# TASK DESCRIPTION:
Please retype the records that appear below, exactly and in full.

# DATA FOR THIS EXERCISE:
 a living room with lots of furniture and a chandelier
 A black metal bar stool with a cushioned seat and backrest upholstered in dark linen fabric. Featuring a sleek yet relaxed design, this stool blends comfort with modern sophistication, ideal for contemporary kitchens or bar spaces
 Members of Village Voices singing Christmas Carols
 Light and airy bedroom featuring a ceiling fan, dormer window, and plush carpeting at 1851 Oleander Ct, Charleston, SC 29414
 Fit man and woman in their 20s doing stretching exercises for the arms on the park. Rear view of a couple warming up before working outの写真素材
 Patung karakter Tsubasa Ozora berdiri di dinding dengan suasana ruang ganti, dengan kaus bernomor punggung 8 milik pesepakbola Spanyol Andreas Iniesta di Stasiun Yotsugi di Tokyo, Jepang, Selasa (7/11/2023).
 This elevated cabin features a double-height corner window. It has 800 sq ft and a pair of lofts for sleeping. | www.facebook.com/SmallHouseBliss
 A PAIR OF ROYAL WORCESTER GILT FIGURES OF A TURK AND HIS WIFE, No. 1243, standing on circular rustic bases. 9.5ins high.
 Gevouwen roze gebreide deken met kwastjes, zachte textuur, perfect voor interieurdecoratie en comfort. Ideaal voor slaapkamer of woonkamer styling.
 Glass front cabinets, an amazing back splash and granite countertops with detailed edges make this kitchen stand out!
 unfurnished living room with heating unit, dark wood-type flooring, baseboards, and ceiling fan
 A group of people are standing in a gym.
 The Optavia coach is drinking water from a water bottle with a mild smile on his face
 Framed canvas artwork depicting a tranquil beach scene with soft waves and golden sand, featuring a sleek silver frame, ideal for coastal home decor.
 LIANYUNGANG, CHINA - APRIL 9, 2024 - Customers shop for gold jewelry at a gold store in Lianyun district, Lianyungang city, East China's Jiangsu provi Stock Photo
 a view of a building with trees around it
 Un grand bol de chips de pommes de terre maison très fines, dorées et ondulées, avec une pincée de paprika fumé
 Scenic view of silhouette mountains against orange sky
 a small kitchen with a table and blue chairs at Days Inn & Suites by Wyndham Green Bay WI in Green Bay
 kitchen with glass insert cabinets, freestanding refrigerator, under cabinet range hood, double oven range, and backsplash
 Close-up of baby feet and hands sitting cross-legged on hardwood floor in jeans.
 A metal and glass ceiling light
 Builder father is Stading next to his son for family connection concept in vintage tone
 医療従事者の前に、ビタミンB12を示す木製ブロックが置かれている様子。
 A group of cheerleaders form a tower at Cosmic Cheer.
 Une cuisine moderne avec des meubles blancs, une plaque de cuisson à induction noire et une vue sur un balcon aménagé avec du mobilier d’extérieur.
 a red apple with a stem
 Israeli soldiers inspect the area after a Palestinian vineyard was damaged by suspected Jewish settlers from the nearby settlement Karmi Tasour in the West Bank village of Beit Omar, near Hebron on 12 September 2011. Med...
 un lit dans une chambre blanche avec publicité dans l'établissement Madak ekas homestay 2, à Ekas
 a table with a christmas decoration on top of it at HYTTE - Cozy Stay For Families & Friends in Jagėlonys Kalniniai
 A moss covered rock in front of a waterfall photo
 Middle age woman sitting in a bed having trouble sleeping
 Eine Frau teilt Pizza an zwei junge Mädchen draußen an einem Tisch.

# FINAL ANSWER:
 a living room with lots of furniture and a chandelier
 A black metal bar stool with a cushioned seat and backrest upholstered in dark linen fabric. Featuring a sleek yet relaxed design, this stool blends comfort with modern sophistication, ideal for contemporary kitchens or bar spaces
 Members of Village Voices singing Christmas Carols
 Light and airy bedroom featuring a ceiling fan, dormer window, and plush carpeting at 1851 Oleander Ct, Charleston, SC 29414
 Fit man and woman in their 20s doing stretching exercises for the arms on the park. Rear view of a couple warming up before working outの写真素材
 Patung karakter Tsubasa Ozora berdiri di dinding dengan suasana ruang ganti, dengan kaus bernomor punggung 8 milik pesepakbola Spanyol Andreas Iniesta di Stasiun Yotsugi di Tokyo, Jepang, Selasa (7/11/2023).
 This elevated cabin features a double-height corner window. It has 800 sq ft and a pair of lofts for sleeping. | www.facebook.com/SmallHouseBliss
 A PAIR OF ROYAL WORCESTER GILT FIGURES OF A TURK AND HIS WIFE, No. 1243, standing on circular rustic bases. 9.5ins high.
 Gevouwen roze gebreide deken met kwastjes, zachte textuur, perfect voor interieurdecoratie en comfort. Ideaal voor slaapkamer of woonkamer styling.
 Glass front cabinets, an amazing back splash and granite countertops with detailed edges make this kitchen stand out!
 unfurnished living room with heating unit, dark wood-type flooring, baseboards, and ceiling fan
 A group of people are standing in a gym.
 The Optavia coach is drinking water from a water bottle with a mild smile on his face
 Framed canvas artwork depicting a tranquil beach scene with soft waves and golden sand, featuring a sleek silver frame, ideal for coastal home decor.
 LIANYUNGANG, CHINA - APRIL 9, 2024 - Customers shop for gold jewelry at a gold store in Lianyun district, Lianyungang city, East China's Jiangsu provi Stock Photo
 a view of a building with trees around it
 Un grand bol de chips de pommes de terre maison très fines, dorées et ondulées, avec une pincée de paprika fumé
 Scenic view of silhouette mountains against orange sky
 a small kitchen with a table and blue chairs at Days Inn & Suites by Wyndham Green Bay WI in Green Bay
 kitchen with glass insert cabinets, freestanding refrigerator, under cabinet range hood, double oven range, and backsplash
 Close-up of baby feet and hands sitting cross-legged on hardwood floor in jeans.
 A metal and glass ceiling light
 Builder father is Stading next to his son for family connection concept in vintage tone
 医療従事者の前に、ビタミンB12を示す木製ブロックが置かれている様子。
 A group of cheerleaders form a tower at Cosmic Cheer.
 Une cuisine moderne avec des meubles blancs, une plaque de cuisson à induction noire et une vue sur un balcon aménagé avec du mobilier d’extérieur.
 a red apple with a stem
 Israeli soldiers inspect the area after a Palestinian vineyard was damaged by suspected Jewish settlers from the nearby settlement Karmi Tasour in the West Bank village of Beit Omar, near Hebron on 12 September 2011. Med...
 un lit dans une chambre blanche avec publicité dans l'établissement Madak ekas homestay 2, à Ekas
 a table with a christmas decoration on top of it at HYTTE - Cozy Stay For Families & Friends in Jagėlonys Kalniniai
 A moss covered rock in front of a waterfall photo
 Middle age woman sitting in a bed having trouble sleeping
 Eine Frau teilt Pizza an zwei junge Mädchen draußen an einem Tisch.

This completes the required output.